The substance could be used to literally suck up mercury at sites where it is contaminating water.

"We also are thinking about using it as a coating to line pipes and other devices that are used to transport water or it could be used as part of a water filtration device," Dr Chalker said.

The substance changes colour when it comes into contact with and absorbs mercury, which means it could also be used to detect whether waterways are polluted.

New substance could help solve potentially fatal disorder

Dr Jack Ng, who heads the risk assessment program for the Cooperative Research Centre for Contamination Assessment and Remediation of the Environment, said mercury's impact on humans could be devastating.
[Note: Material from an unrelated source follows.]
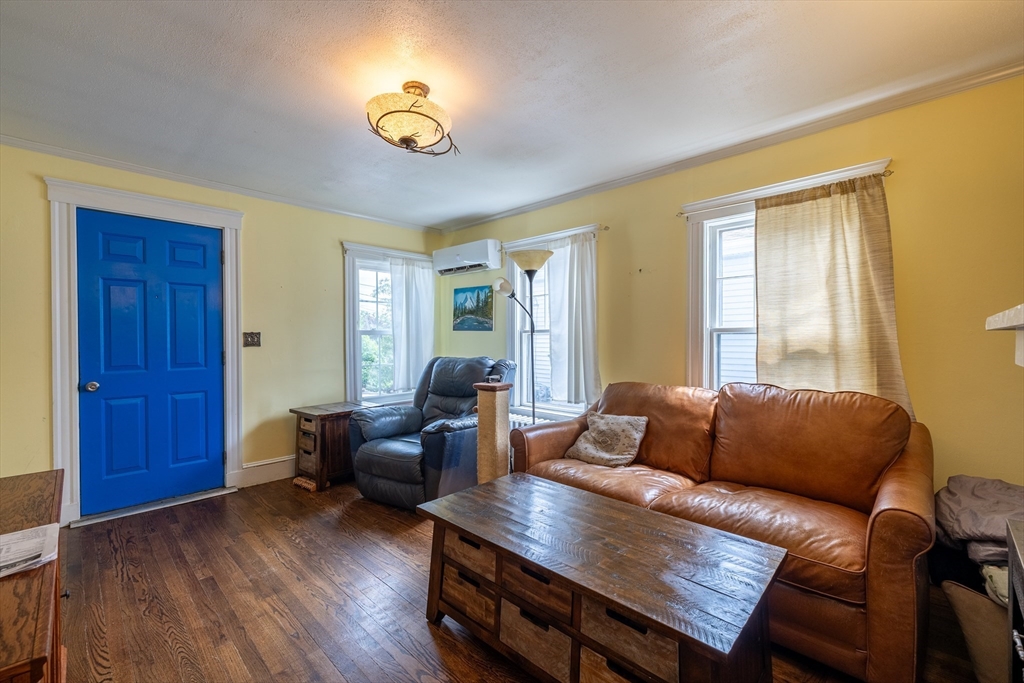 44 Woodland Road Revere, MA 02151 - Photo 4 of 20 Gallery Image 4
"When you talk about organic form of mercury, this neurological disorder, high doses can be fatal... [it's] particularly a problem in younger generation children and its neurological disorders and that's a major concern," he said.

Dr Ng sees big potential for this new substance.

"From what the briefing describes it seems to be a promising product, typically for mercury in water or in aqueous form it can act with this polymer material," he said.

Jon Miller, the managing director of environmental remediation company the Remediation Group, said there was a significant need for a solution to mercury contamination.

"In particular there is a significant amount of mercury in bio-solids, which is the end product of sewerage treatment processes," Mr Miller said.

"There are large stock piles of bio-solids that contain mercury certainly here in Melbourne and if there is a way of being able to remove the mercury then it could be used for either energy generation of agricultural applications.

Max Worthington and Dr Justin Chalker (L to R) found the material's mercury-removing potential by accident.

"So that comes to mind as being an obvious first starter if it can be proved that this process genuinely works."

The Flinders University project findings are being published today in the German Chemical Society journal Angewandte Chemie International Edition.